═════ EXERCISE DATA ═════

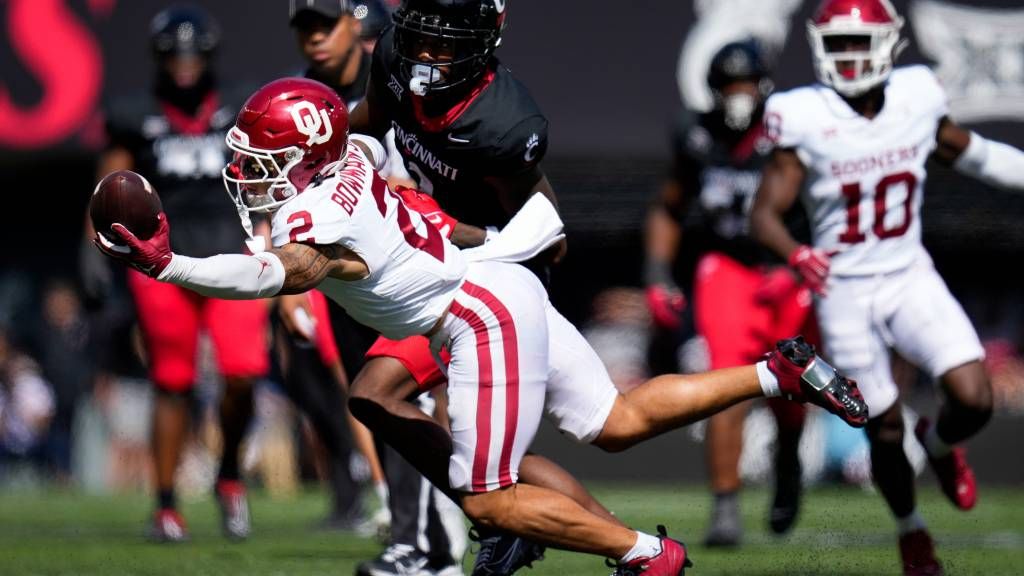 5 takeaways from Sooners 20-6 win over Cincinnati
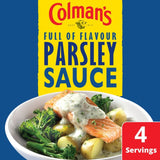 Colman's Parsley Sauce Mix   20g GOODS M&S   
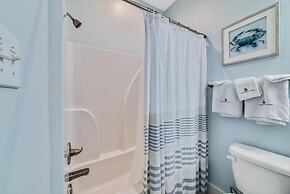 Romeo Beach Cottage 6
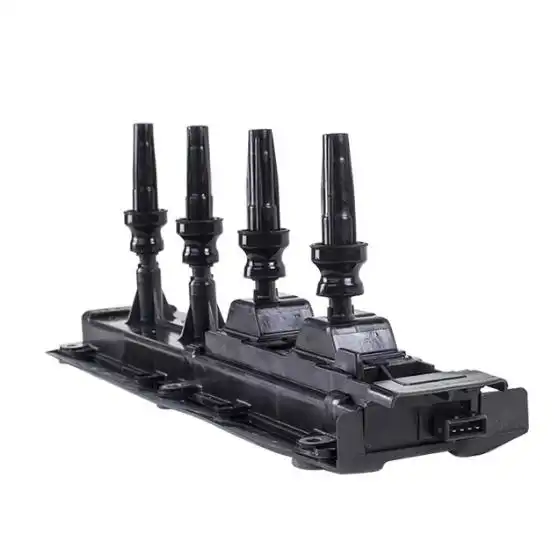 BOBINA INJ ELET CITROEN XSARA PICASSO 2.0 16V PEUGEOT 306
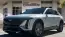 2025 Cadillac Lyriq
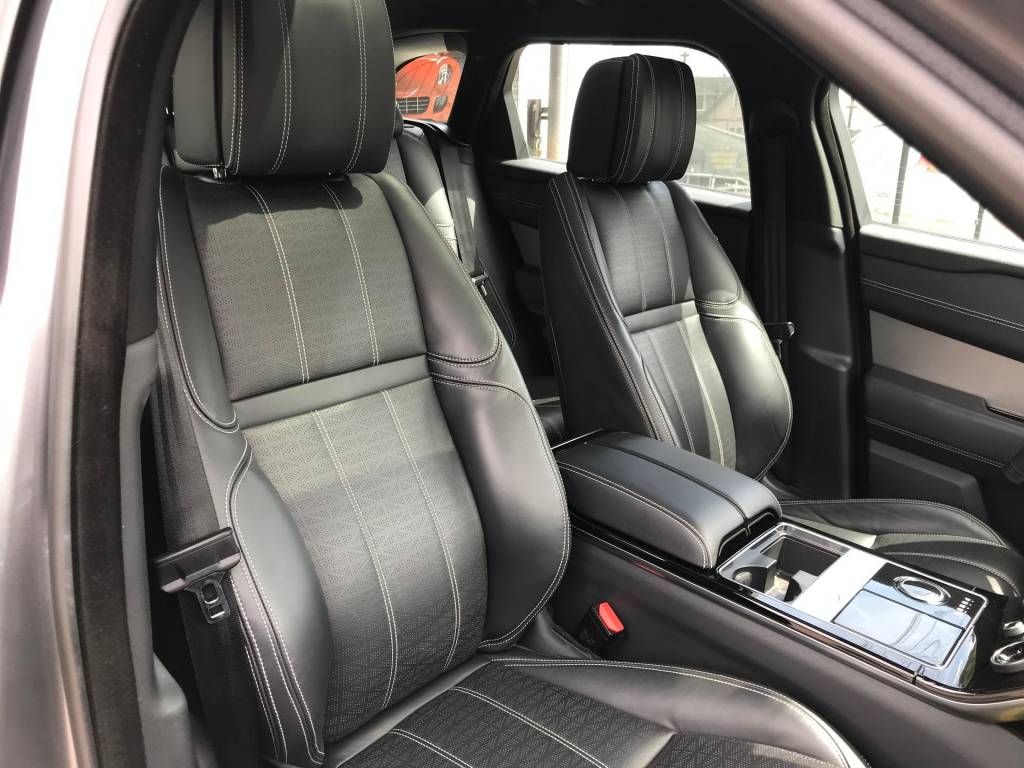Land Rover Range Rover Velar P380 hse rdyn    2018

═════

* **WORK TO COMPLETE**
Output a faithful copy of the data, with each picture left out.

* **RESPONSE TO THIS EXERCISE**
 5 takeaways from Sooners 20-6 win over Cincinnati
 Colman's Parsley Sauce Mix   20g GOODS M&S   
 Romeo Beach Cottage 6
 BOBINA INJ ELET CITROEN XSARA PICASSO 2.0 16V PEUGEOT 306
 2025 Cadillac Lyriq
Land Rover Range Rover Velar P380 hse rdyn    2018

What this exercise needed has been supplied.